A better way to celebrate?
I realize this column will may make me highly unpopular, especially with kids, but I feel I must address it.
I attended the Bay Village Homecoming Parade on Friday, Sept. 20. The Homecoming parade is a celebration of community, and all ages come out to see it. While I enjoy the parade, especially the marching band, I have one major issue with it.
The reason for my column today is how the parade also pollutes our community and Lake Erie because of the candy being thrown at spectators. I personally watched candy go directly down the sewers on the road, which drains right to the lake. And what is candy wrapped in? Plastic.
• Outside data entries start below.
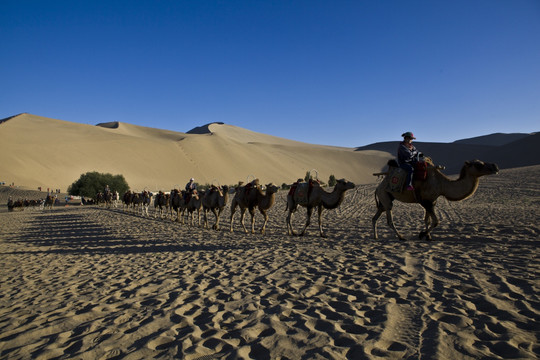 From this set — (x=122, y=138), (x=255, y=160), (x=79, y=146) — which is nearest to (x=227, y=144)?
(x=255, y=160)

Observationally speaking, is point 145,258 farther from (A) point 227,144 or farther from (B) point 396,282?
(A) point 227,144

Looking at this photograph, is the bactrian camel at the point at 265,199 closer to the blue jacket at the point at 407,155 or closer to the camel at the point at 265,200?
the camel at the point at 265,200

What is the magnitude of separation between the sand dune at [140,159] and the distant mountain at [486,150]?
24743mm

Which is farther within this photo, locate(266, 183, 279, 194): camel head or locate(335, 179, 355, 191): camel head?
locate(266, 183, 279, 194): camel head

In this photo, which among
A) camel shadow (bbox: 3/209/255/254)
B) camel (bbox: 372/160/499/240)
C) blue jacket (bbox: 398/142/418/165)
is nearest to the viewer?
camel (bbox: 372/160/499/240)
Furthermore, I witnessed so much candy being thrown that children on the side of the road couldn’t possibly collect it all, and it was being crushed and stepped on and then ignored and left there. In addition to candy, I watched parade participants throw full plastic water bottles at spectators, as well as throw empty plastic candy bags and plastic candy containers out of the car.
When did this behavior become acceptable? Is our culture so accustomed to excess and waste that we do not even blink an eye to blatant waste and litter? It was horrifying to me to witness all of this, and I can’t help but think this is the wrong message all around for kids… waste and excess and litter being essentially celebrated.
I have come up with a few solutions to this problem, the first being to not pass out candy at all – but I know that is most likely not feasible because it seems candy is expected. My second idea is to ask parade participants to actually hand candy to children, not throw it. Doing so will prevent a lot of waste and litter, plus the likelihood of someone getting hit in the face or eyes with candy is eliminated, making it a safer event as well. My third idea is to ask participants to distribute candy that is packaged in paper (i.e. Nerds, Milk Duds, etc.). If candy packaged in paper gets into the sewer or is accidentally left on the street as litter, it will biodegrade in the lake and not break into millions of tiny plastic pieces that fish will eat.
I am not trying to be a parade bah-humbug-er, I just wanted to provide another way to view these types of parades with the hope that we as a society might be able to reign in the blatant excess, waste, and litter generated at these events. The excessive candy is not necessary and there are other ways to enjoy parades that provide an example to children that wastefulness and litter are not to be celebrated.